Last but not least, Mikko Lehtonen presented our paper [9] on using synchronized secrets, meaning storing consecutive random numbers on RFID tags and infrastructure to protect state-of-the-art RFID tags from cloning. The discussion was heavily focused on the random number generator which we are free to choose in our approach.
In addition to the papers there was also a demo and poster, where we also could present our car claim report system: the mobile phone as an aid in sending the details of a car accident to the insurance company [8].
Btw, Albrecht Schmidt wrote a nice report on Pervasive 2009, go here to see his paper favourites.

Pervasive 2009 just again showed me the same pattern of successful papers that has emergeed throughout the last years: come up with a new interaction technique (e.g. force sensing), display (e.g. car ads), but that's not enough. Conduct a thorough user study which reveals unexpected results (e.g. bend is more difficult than twist), do extensive testing. Of course, sometimes answering whether the underlying phenomenon is actually worth all the methodology effort of evaluating it fades away...

[1] John Krumm, "Realistic Driving Trips For Location Privacy", Seventh International Conference on Pervasive Computing (Pervasive 2009), May 11-14, 2009, Nara, Japan.
[2] M. Gupta, S. S. Intille, and K. Larson, "Adding GPS-control to traditional thermostats: An exploration of potential energy savings and design challenges" Proceedings of the Seventh International Conference on Pervasive Computing, May 11-14, 2009, Nara, Japan.
[3] Keng-hao Chang, Jeffrey Hightower, Branislav Kveton: Inferring Identity Using Accelerometers in Television Remote Control, Proceedings of the Seventh International Conference on Pervasive Computing, May 11-14, 2009, Nara, Japan.
[4] Florian Alt, Christoph Evers, Albrecht Schmidt: Users' View on Context-Sensitive Car Advertisements, Proceedings of the Seventh International Conference on Pervasive Computing, May 11-14, 2009, Nara, Japan.
[5] Stacey Kuznetsov, Anind K. Dey, Scott E. Hudson: The Effectiveness of Haptic Cues as an Assistive Technology for Human Memory, Proceedings of the Seventh International Conference on Pervasive Computing, May 11-14, 2009, Nara, Japan.
[6] Predrag V. Klasnja, Sunny Consolvo, Tanzeem Choudhury, Richard Beckwith, Jeffrey Hightower: Exploring Privacy Concerns about Personal Sensing, Proceedings of the Seventh International Conference on Pervasive Computing, May 11-14, 2009, Nara, Japan.
[7] Shwetak N. Patel, Erich P. Stuntebeck, Thomas Robertson: PL-Tags: Detecting Batteryless Tags through the Power Lines in a Building, Proceedings of the Seventh International Conference on Pervasive Computing, May 11-14, 2009, Nara, Japan.

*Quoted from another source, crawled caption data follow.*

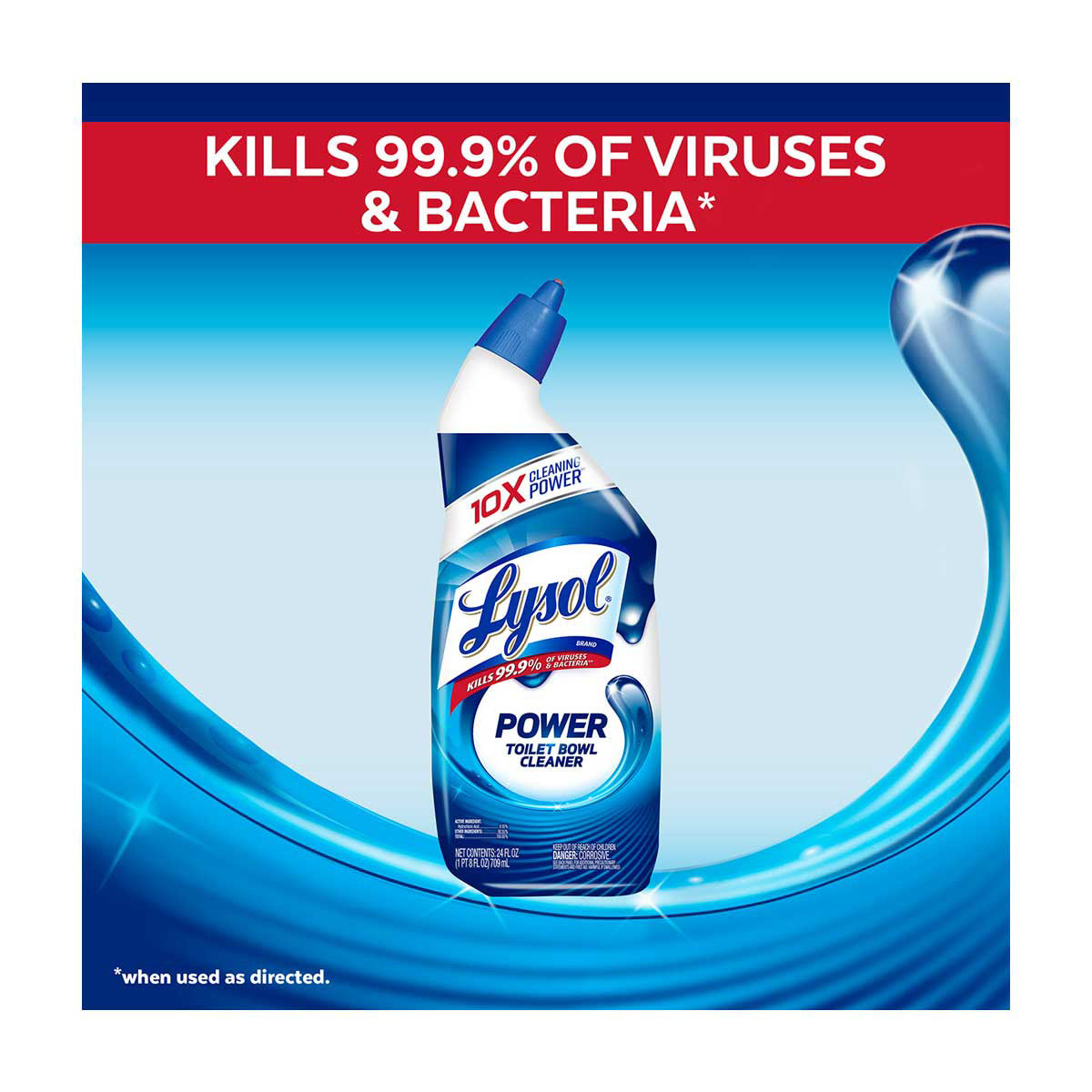 Lysol Power Toilet Bowl Cleaner, 24 fl oz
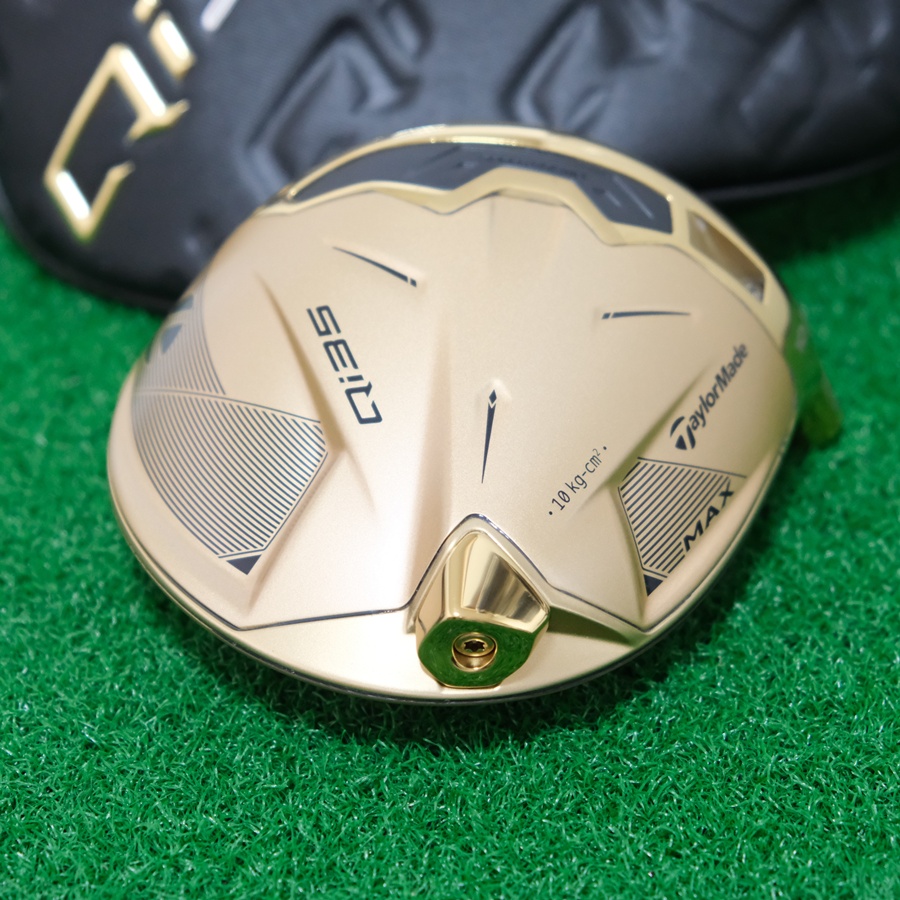 2025 TAYLORMADE QI35 MAX DESIGNER SERIES MATTE GOLD 10.5* DRIVER - HEAD ONLY + HEADCOVER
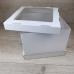 Коробка для торта с окошком 26х26х20 см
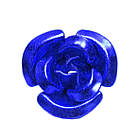Набір 20 штук Паєтки 11 мм Троянди Об'ємні Синій Колір для Рукоділля, Фурнітура Біжутерія, фото 4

[8] Baecker, O., Michahelles, F., Bereuter, A., Mollnau, D., Geller, F., & Fleisch, E. : Mobile First Notice of Loss: Web Service-Based Enterprise Integration of the Android Platform, Demo. In Adjunct Proceedings of the Seventh International Conference on Pervasive Computing (pp. 257-260). Vienna, Austria: Austrian Computer Society.
[9] M. Lehtonen, D. Ostojic, A. Ilic, F. Michahelles: Securing RFID systems by detecting tag cloning, In proceedings of H. Tokuda et al. (Eds.): 7th International Conference, Pervasive 2009, Nara, Japan, May 11-14, 2009. LNCS 5538, pp. 291–308.